Why decomposition is essential:
- A problem that feels too large to tackle becomes a set of smaller, solvable tasks
- Each sub-problem can be assigned to a different developer and worked on in parallel
- Individual sub-problems can be tested independently before the complete system is assembled
- A sub-problem that appears in more than one place need only be solved once
In an exam, when asked to decompose a problem, identify the distinct responsibilities or stages of the system. Each sub-problem should have a single, clear purpose — not just "half of everything."
Abstraction
Abstraction is the process of removing unnecessary detail from a problem, retaining only the information relevant to solving it.
Example — a map: A road map shows roads, junctions, and place names. It does not show every building, lamp post, or kerb.
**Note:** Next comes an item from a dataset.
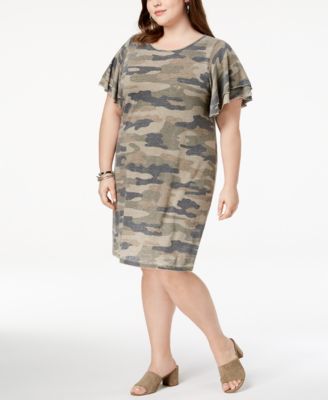 plus size camo dress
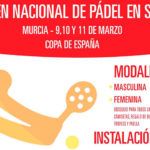 Murcia, sede de la séptima prueba de la Copa de España de Pádel en Silla de Ruedas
Those details are real, but irrelevant to navigation — including them would make the map harder to use.
Example — storing student records: A school needs: name, year group, date of birth, contact email. The student's favourite colour and shoe size are real attributes but irrelevant to the school's purpose — abstraction means excluding them from the data model.
Example — a sorting algorithm: Bubble sort works on "a list of values." The algorithm does not need to know whether those values are exam scores, temperatures, or prices. The specific data type is abstracted away — the same algorithm works for any list of comparable values.
| Without abstraction | With abstraction |
|---|---|
| A different system for every type of data | One algorithm works on any comparable values |
| Student records store dozens of irrelevant fields | Records contain only what the system needs |
| Maps are cluttered and unreadable | Maps show only navigation-relevant information |
Abstraction is not the same as oversimplification. The removed detail is genuinely irrelevant to the problem — not just inconvenient to include.
Representing Algorithms: Pseudocode
Pseudocode expresses an algorithm using structured, language-independent statements. AQA exams use a standard pseudocode format — any exam question providing pseudocode will use this version.
Core pseudocode constructs:
# Assignment
total ← 0
# Input and output
name ← USERINPUT
OUTPUT "Hello, " & name
# Selection
IF score ≥ 40 THEN
OUTPUT "Pass"
ELSE
OUTPUT "Fail"
ENDIF
# Definite iteration
FOR i ← 1 TO 5
OUTPUT i
NEXT i
# Indefinite iteration
answer ← ""
WHILE answer ≠ "quit" DO
answer ← USERINPUT
ENDWHILE
# Subroutine
SUBROUTINE greet(name)
OUTPUT "Hello, " & name
ENDSUBROUTINE
Inputs, processing and outputs — every algorithm can be described in these three terms:
| Component | Meaning | Example: calculate class average |
|---|---|---|
| Input | Data the algorithm receives | A list of student scores |
| Processing | Operations performed on the data | Sum all scores, divide by the number of students |
| Output | The result produced | The average score |
Being able to identify inputs, processing and outputs within a given algorithm is a direct exam requirement.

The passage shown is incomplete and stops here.